A tel point que beaucoup d’observateurs ont pu penser que le projet, était avec 35 millions de livres numérisés, si ce n’est achevé, du moins sur la voie de l’être et que Google se consacrait désormais à d’autres explorations stratégiques.
Quels enseignements pouvons-nous en tirer ?
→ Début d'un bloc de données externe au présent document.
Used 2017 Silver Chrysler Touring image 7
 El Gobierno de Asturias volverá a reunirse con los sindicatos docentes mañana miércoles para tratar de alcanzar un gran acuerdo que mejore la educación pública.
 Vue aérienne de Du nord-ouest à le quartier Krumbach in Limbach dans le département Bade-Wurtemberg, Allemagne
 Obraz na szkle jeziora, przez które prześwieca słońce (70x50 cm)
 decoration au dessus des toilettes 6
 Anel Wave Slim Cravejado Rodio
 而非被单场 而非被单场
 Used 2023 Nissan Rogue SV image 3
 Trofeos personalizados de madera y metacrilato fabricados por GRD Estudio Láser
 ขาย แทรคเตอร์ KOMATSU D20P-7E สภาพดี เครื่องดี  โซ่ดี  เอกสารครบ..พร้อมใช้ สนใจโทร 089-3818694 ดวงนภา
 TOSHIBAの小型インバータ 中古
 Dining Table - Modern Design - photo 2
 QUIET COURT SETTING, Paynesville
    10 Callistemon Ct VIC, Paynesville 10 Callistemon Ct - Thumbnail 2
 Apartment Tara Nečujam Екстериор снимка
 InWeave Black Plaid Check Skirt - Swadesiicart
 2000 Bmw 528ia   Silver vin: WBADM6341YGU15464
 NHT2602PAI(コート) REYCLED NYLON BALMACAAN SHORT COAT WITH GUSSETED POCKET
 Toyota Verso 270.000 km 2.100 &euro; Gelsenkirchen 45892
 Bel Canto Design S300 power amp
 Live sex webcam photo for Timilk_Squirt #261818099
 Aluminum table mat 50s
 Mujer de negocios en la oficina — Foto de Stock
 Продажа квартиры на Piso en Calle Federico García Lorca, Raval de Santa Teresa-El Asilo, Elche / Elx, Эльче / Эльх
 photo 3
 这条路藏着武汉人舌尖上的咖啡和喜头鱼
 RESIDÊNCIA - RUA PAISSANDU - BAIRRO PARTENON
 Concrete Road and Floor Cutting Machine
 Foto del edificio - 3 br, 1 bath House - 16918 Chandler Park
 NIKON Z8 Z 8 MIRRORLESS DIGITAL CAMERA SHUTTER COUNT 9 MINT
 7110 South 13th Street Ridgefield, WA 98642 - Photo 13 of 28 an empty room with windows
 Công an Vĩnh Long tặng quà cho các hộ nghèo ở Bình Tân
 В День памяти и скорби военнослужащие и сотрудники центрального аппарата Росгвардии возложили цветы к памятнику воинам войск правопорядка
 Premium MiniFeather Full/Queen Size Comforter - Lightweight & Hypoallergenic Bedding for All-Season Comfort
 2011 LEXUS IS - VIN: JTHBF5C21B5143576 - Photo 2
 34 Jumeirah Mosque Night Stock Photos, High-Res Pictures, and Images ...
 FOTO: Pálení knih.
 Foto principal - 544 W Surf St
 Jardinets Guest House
1. Une des vertus managériales principales de notre temps est le “pragmatisme”. Les porteurs du projet servent cet argument: Google est un partenaire industriel capable de traiter en quelques semestres des centaines de milliers de livres. C’est donc un accélérateur de la numérisation et un bienfait pour les usagers qui vont pouvoir accéder à un patrimoine conséquent avec les outils de leur temps, un des objectifs majeurs de toute bibliothèque, avec un coût négligeable pour le contribuable, puisque Google prend en charge l’essentiel des frais. De plus il donne de sérieuses garanties quant au transport et la manutention des livres qui rejoignent les standards en vigueur pour les collections précieuses. Hubert Villard, directeur de la Bibliothèque cantonale et universitaire de Lausanne à l’initiative du projet Googlos (Google-Lausanne) s’enthousiasmait: “Les gens de Google sont terriblement pros et efficaces.” [3] Cela répond, dix bonnes années plus tard, au regret exprimé par la directrice de la Bibliothèque nationale, qui déclarait dans Le Temps: “La numérisation des bibliothèques publiques avance à pas d’escargot” [4].
Pages de titre d’une édition bilingue du poème “Les Alpes”, par le naturaliste bernois Albrecht von Haller (1795). Exemplaire de la Bibliothèque municipale de Lyon, numérisé par Google
2. Mine de rien, la Suisse est en passe de devenir avec cette opération un des pays qui a le plus ouvert les portes à Google, avec des bibliothèques partenaires dans les deux principales régions, germanophone et francophone. D’autant que le communiqué laisse la porte ouverte à d’autres institutions.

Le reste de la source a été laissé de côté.